C’est certainement un des grands mérites de cette étude que d’avoir consacré une partie entière, la deuxième, intitulée « Orphée noir », à « des œuvres d’auteurs “indigènes” des colonies françaises, se revendiquant comme de race noire, et susceptibles d’être comparées aux grands textes de la tradition lyrique et de la modernité » (p. 115), ces auteurs étant Léopold Sédar Senghor, Aimé Césaire et le poète malgache Jean-Joseph Rabearivelo. Deux préfaces[1] (celle de Breton au Cahier d’un retour au pays natal de Césaire [1947], celle de Sartre, titrée « Orphée noir », à l’Anthologie de la nouvelle poésie nègre et malgache de langue française, éditée par Senghor [1948)]) et l’anthologie due à Léon-Gontran Damas, Latitudes françaises : poètes d’expression française 1900-1945 (Seuil, 1947) accompagnent l’émergence et l’affirmation de cette poésie noire, qui a vocation à être une poésie engagée et doit trouver sa voie entre « l’académisme et l’exotisme » (p. 117).

« Senghor le conciliateur » (ch. I) se penche sur le parcours d’un homme, Sénégalais ayant poursuivi en France de brillantes études, devenu agrégé de grammaire puis député français, pleinement intégré, donc, qui, après l’indépendance de son pays, « sera un des relais les plus actifs de la présence française en Afrique. Sa célébration d’une Afrique traditionnelle, pré-islamique et pré-coloniale, ne se heurtait pas aux idées de l’administration coloniale. » (p. 123) L’art africain procède pour lui d’une connaissance intuitive dont il a trouvé le modèle chez Bergson.

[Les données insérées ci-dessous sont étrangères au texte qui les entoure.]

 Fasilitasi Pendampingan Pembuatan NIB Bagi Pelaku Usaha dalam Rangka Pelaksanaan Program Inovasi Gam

Quant à la manière poétique, il l’a empruntée au Tête d’or de Claudel, et le critique constate « qu’il y a réappropriation réussie d’une forme : une forme adéquate pour une poésie reliée par le rythme aux “Forces du Cosmos” » (p. 129). On sent cependant chez lui, dans le commentaire qu’il fait de tel ou tel poème, une certaine réticence. Aussi bien conclut-il : « Une poésie de ce genre est indissociable d’une situation dans l’histoire ; mise en rapport avec cette situation, elle conserve toute sa valeur. » (p. 133)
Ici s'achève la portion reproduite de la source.